Father’s Day, on the other hand, is more of a social event among fathers and non-fathers to mark masculinity: numerous men parade around in a homogeneous group of people and celebrate themselves. They are often heavily intoxicated, which means that the number of accidents is particularly high on this day every year. Father’s Day normalises and legitimises this behaviour to a certain extent in the course of its tradition. By constructing fatherhood or manhood through participation in this event, a toxic model of masculinity is created.

If the two holidays are celebrated and lived in this way, they contradict basic feminist approaches.

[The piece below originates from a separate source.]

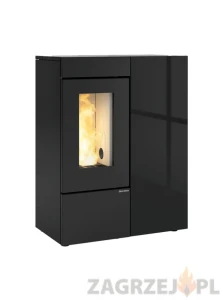 Piec na pellet La Nordica Extraflame Annalisa Plus Crystal Evo 12,0 kW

Mother's and Father's Day Opportunities

The commercialisation of Mother’s Day and Father’s Day has become seemingly irreversibly intertwined with the festive days. Yet the basic idea behind the two days is very important: the (care) work of parents should be valued appropriately and structural problems and disadvantages must be made visible. If the two days were decoupled from their commercialisation, especially Mother’s Day could fulfil the goal that Anna Jarvis originally pursued when she invented it.

The currently prevailing reproduction of gender stereotypes, however, rather perpetuates injustices than combating them. Just imagine: How big would the social outcry be if mothers and non-mothers were to mobilise on Mother’s Day and go around the houses in handcarts with alcohol?

Everyone should be able to decide for themselves whether and how they want to celebrate those days. It is perfectly legitimate for a mother to be happy about flowers or chocolates in pink packaging or for a father to have a barbecue – it is just as legitimate not to do so. 


This is not so much a criticism of the individual approach to Mother’s Day and Father’s Day. Rather, it is about questioning the one-sided and fundamentally stereotypical commercialisation by industry and commerce as it is perpetuated year after year. There should be an awareness of this in order to be able to decide for oneself to what extent one does (not) want to support this.